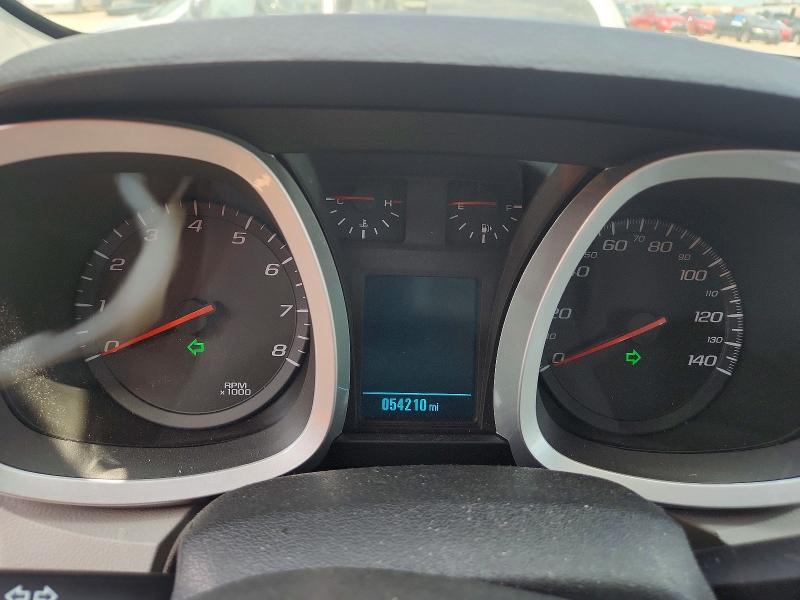 Продаж на аукціоні авто 2017 Chevrolet Equinox, vin: 2GNALCEK1H1513059, номер лоту: 50978196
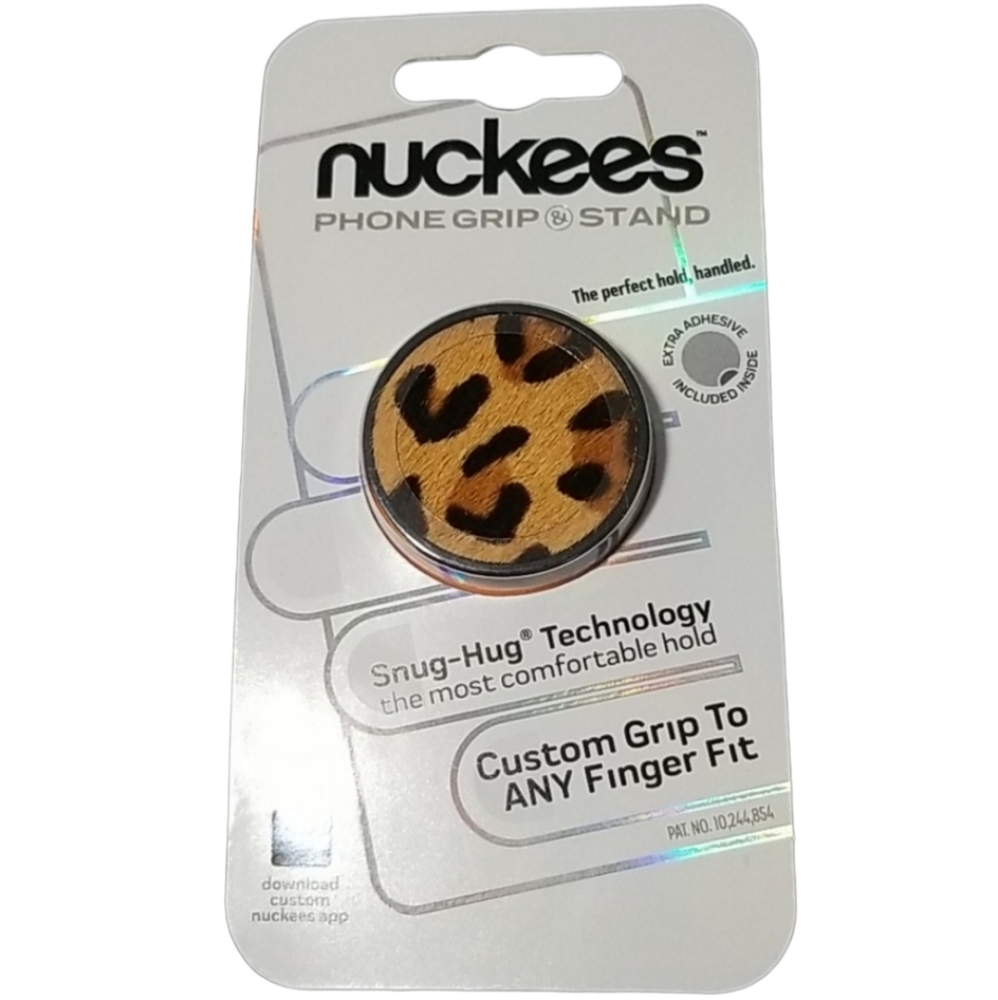 Nuckees phone grip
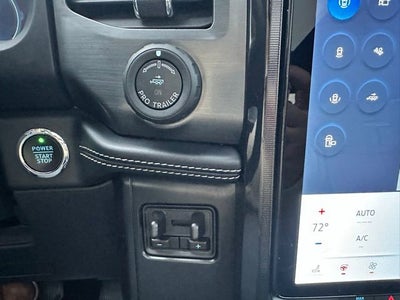 2023 Ford F-150 Lightning Platinum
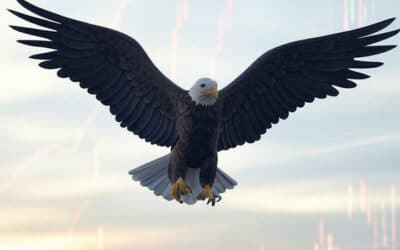 CAC 40 : Stabilité sur un marché agité grâce à l&rsquo;économie américaine et à l&rsquo;espoir d&rsquo;une paix durable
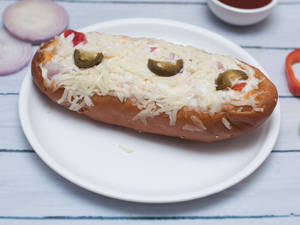 Chicken Kebab Cheese Footlongs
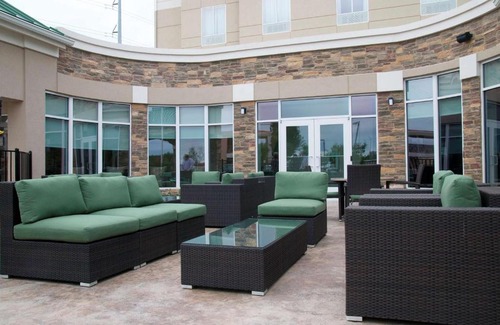 New Braunfels Hotel | Hilton Garden Inn New Braunfels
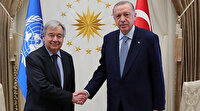 BM Genel Sekreteri Guterres'ten Cumhurbaşkanı Erdoğan'a teşekkür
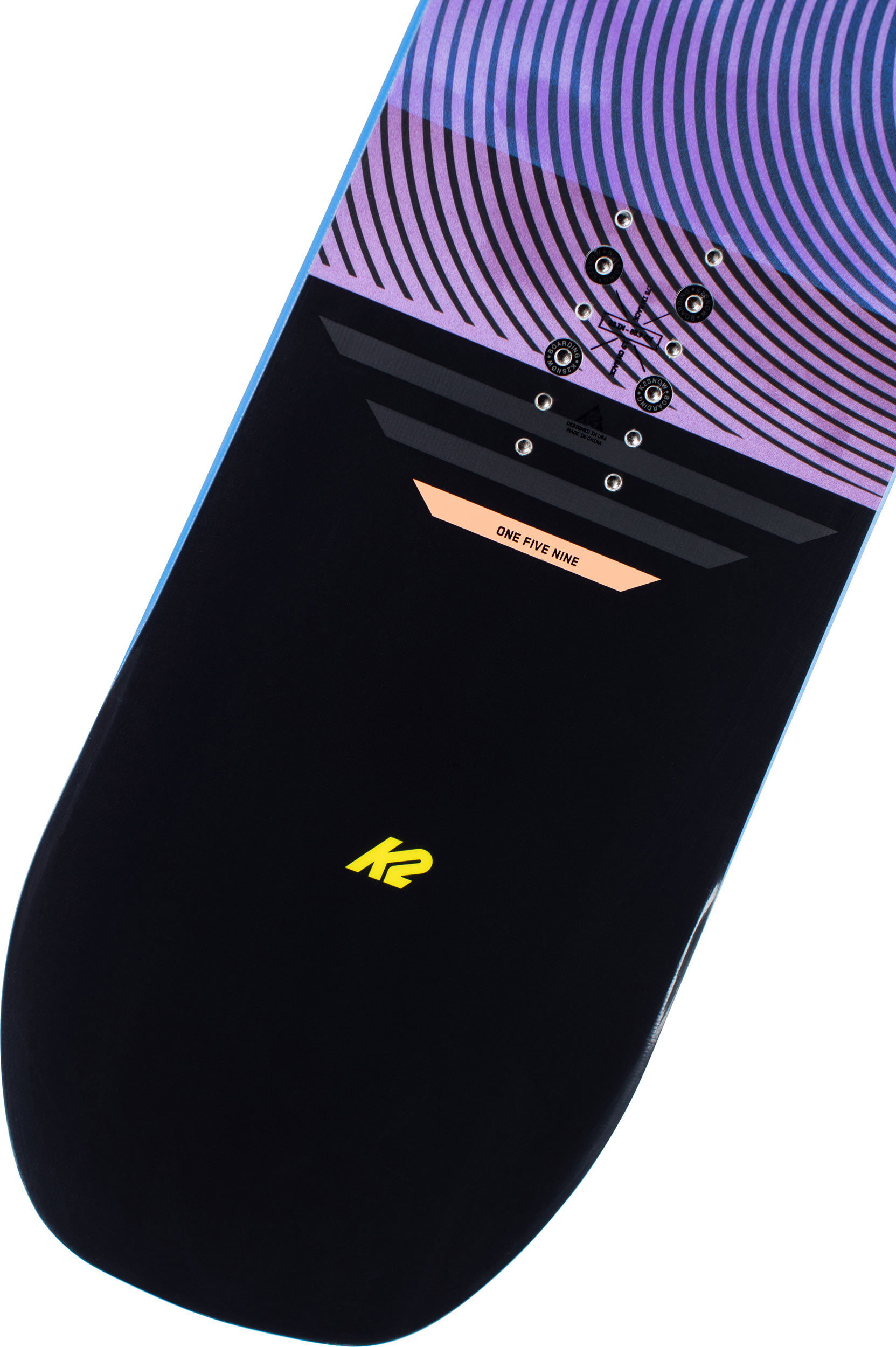 K2 Broadcast Snowboard 2021 Mount Everest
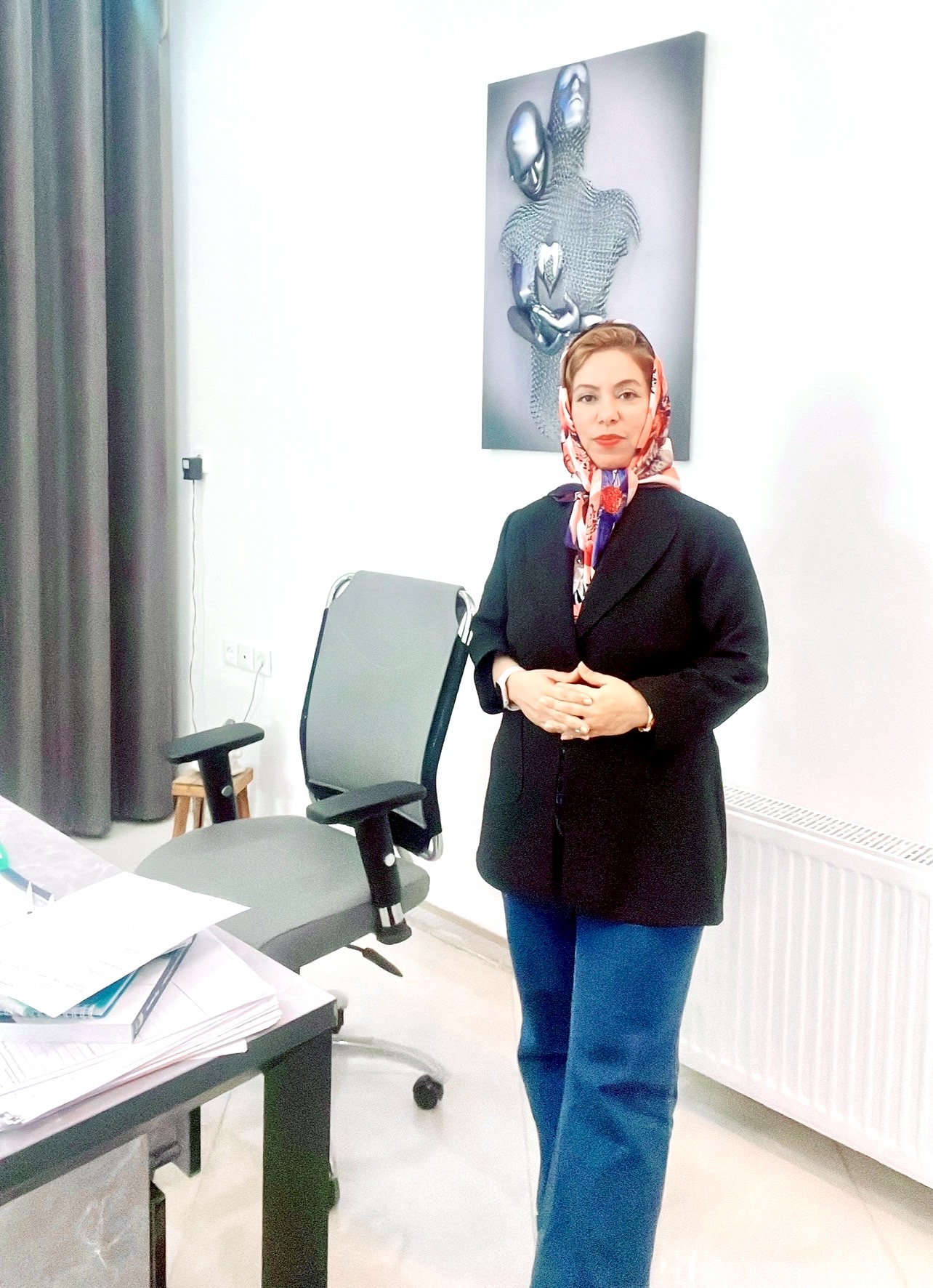 مرکز مشاوره روانشناسی سعیدنژاد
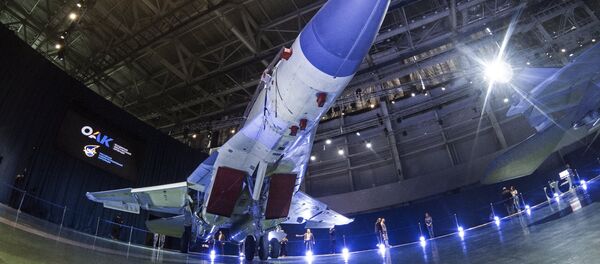 MiG-35 (imagen referencial) - Sputnik Mundo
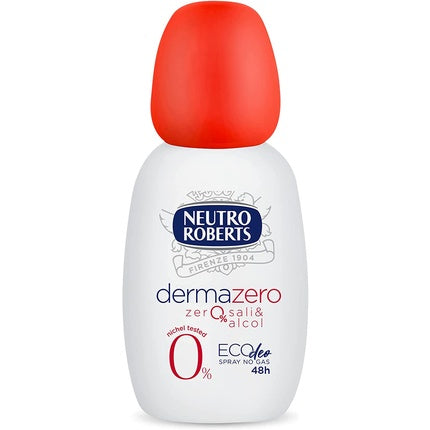 Neutro Roberts Ecodeo Dermazero Deodorant Spray 75ml Neutro Roberts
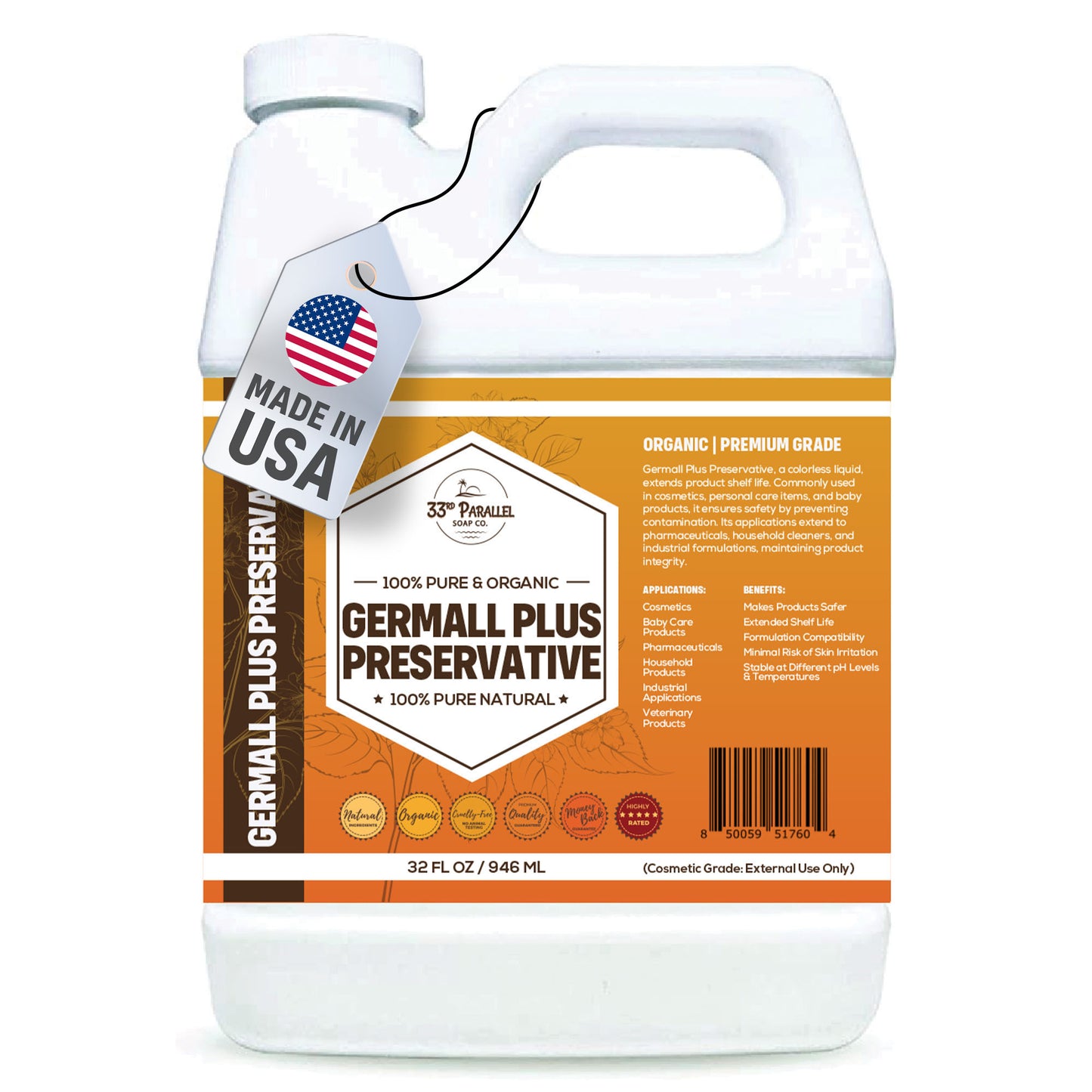 Germall Plus Preservative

* * *

Task brief> Go from the first line of the listing to the line holding "2023 Ford F-150 Lightning Platinum" and, please, transcribe those lines exactly, both included, with no pictures.

Written answer>
 Продаж на аукціоні авто 2017 Chevrolet Equinox, vin: 2GNALCEK1H1513059, номер лоту: 50978196
 Nuckees phone grip
 2023 Ford F-150 Lightning Platinum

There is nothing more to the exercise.